I'm sorry, I didn't in the least mean to nitpick at the girl's essay. As I said, I thought gorionine should be proud and she'd written a really mature piece. I'm sorry if that wasn't clear.

What I was upset about was that this girl, who is clearly very bright and knows her stuff with feminism, is being taught history in a way that I think is unfair to women. I'm really sorry that didn't come across though reading over my posts I'm not sure why. I honestly think she sounds great. I honestly think the history teaching is a bit crap.

dittany, there is lots of evidence that some women did great things in the middle ages. I think what can easily be silenced is the women who saw that they were living in an unfair situation and spoke out - people like Christine de Pizan. Don't you see that if you only ever say that women have been victims, you deny the women who spoke out any voice at all?

gorionine · 06/04/2011 10:00

Dittany, thanks for all your nice comments on DDGrin

FWIW, I do not think LRD criticised DD's work but more the teaching and I think it is due to the fact I only mentionned this particular task out of a very long project because to me it was relevant to the feminist topic while the rest of the project was less IYSWIM.

OP posts:
dittany · 06/04/2011 10:09

This reply has been deleted

Message withdrawn at poster's request.

JaneS · 06/04/2011 10:21

dittany, I don't think oppression is subjective either.
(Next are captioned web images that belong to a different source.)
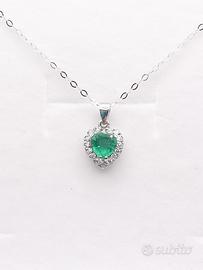 Collana e Pendente in Oro 18 KT Diamanti/Smeraldo 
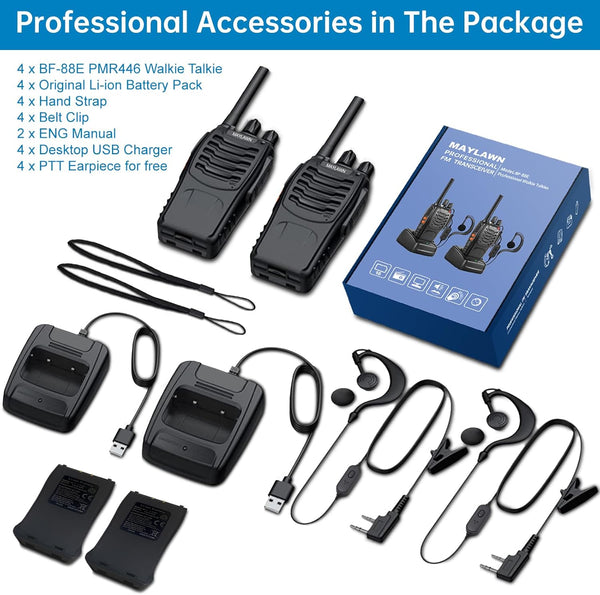 Maylawn Walkie Talkies Pack of 4, Long Range Walkie Talkies for Adults with Rechargeable Batteries, Portable 2 Way Radio with LED Light Earpieces 16CH Supports VOX Function (PMR446)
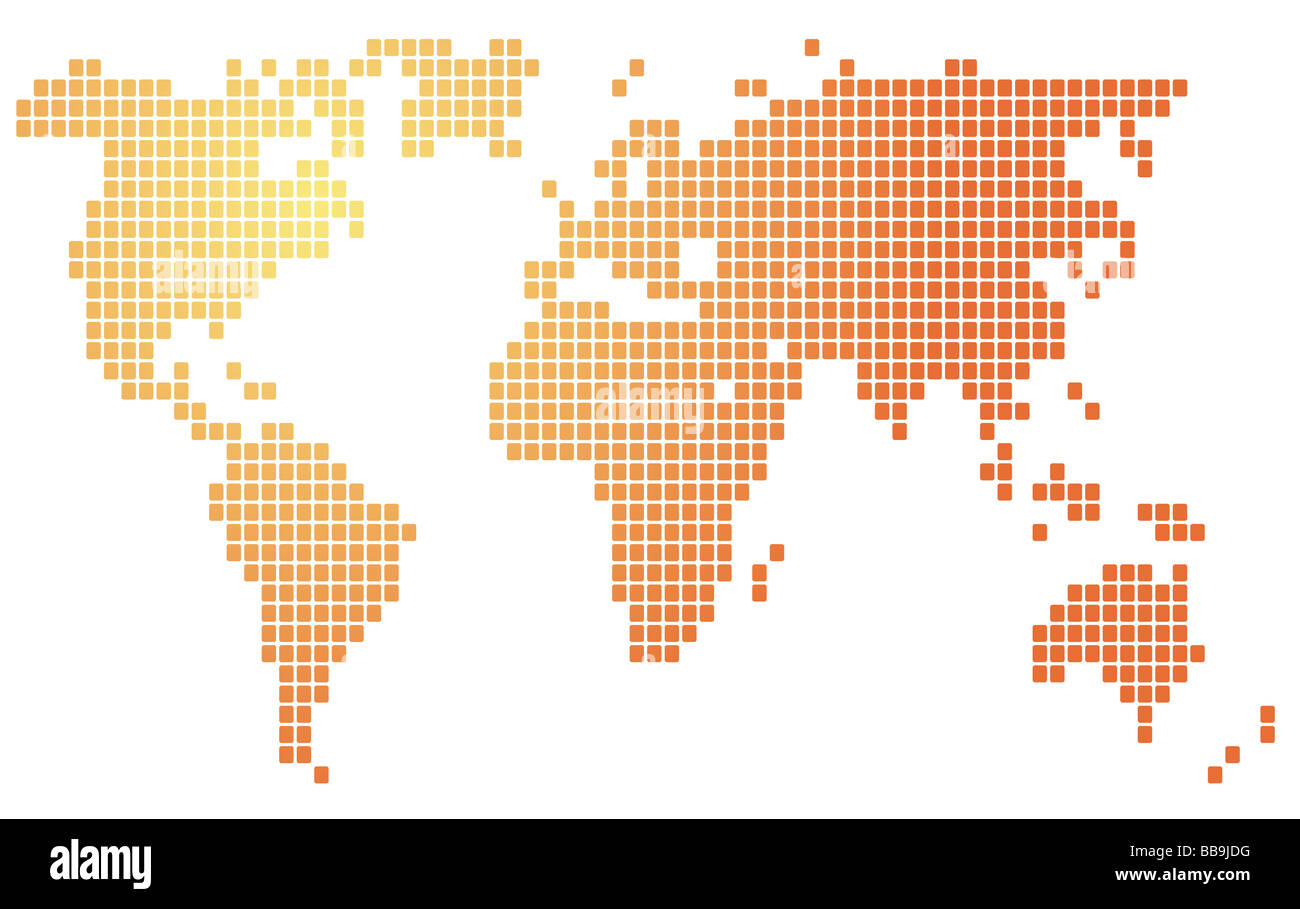 Map of the world illustration mosaic block style Stock Photo - Alamy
I think though, what you're not acknowledging is a difference between treating women's history as a history of victimhood (which is what I objected to), and acknowledging that women were oppressed. Does that make sense?

I know women have historically been oppressed. But this does not mean that we should teach that women's historical identity is as victims. It's not.

I do understand where you're coming from. And I see that, as others have said, it's great that schools are teaching history about women at all, instead of just 'dead white males'.

But I'm really uncomfortable with teaching history like this. I don't like the idea that it's sensible to contrast 'medieval woman' with 'modern woman', even if that does allow children like gorionine's daughter to write insightfully about modern inequality. There are other ways to help her do that. Why not teach her about women who did great things?

I've had students who come from school saying they don't want to study women's writing, or women's history, because they imagine it will be a very boring study of the absence of writing or history. I really hate this, it feels as if what is happening is that women are being erased from history and silenced, when they'd already struggled so much to be heard in their own times.

I hope this makes some sense - I know I am really not explaining very well.

JaneS · 06/04/2011 10:42

Btw, reading back, I didn't get this across:

The reason I picked up on the inaccuracy about women and property law isn't to nitpick. It's that I've got a suspicion that someone - probably the person who wrote the textbook, maybe the teacher - didn't actually care enough to get the facts right, in women's history. I know someone - not an old prof. set in his ways, either - who routinely taught that women in the middle ages didn't learn to read because they didn't go to school. My colleague pointed out that he was wrong, and his response was 'well, there's just very little evidence about women's literacy so I might as well tell them it didn't exist'.

This makes me furious - not just that he's wrong (there's quite a lot of evidence; it seems likely it was women - mothers - who taught reading), but that he didn't think it was important to get facts about women's lives right. It's an attitude that says 'well, we'll assume women aren't very important and go from there'. If you teach that in schools, you can't be too surprised if people take the message into their everyday lives.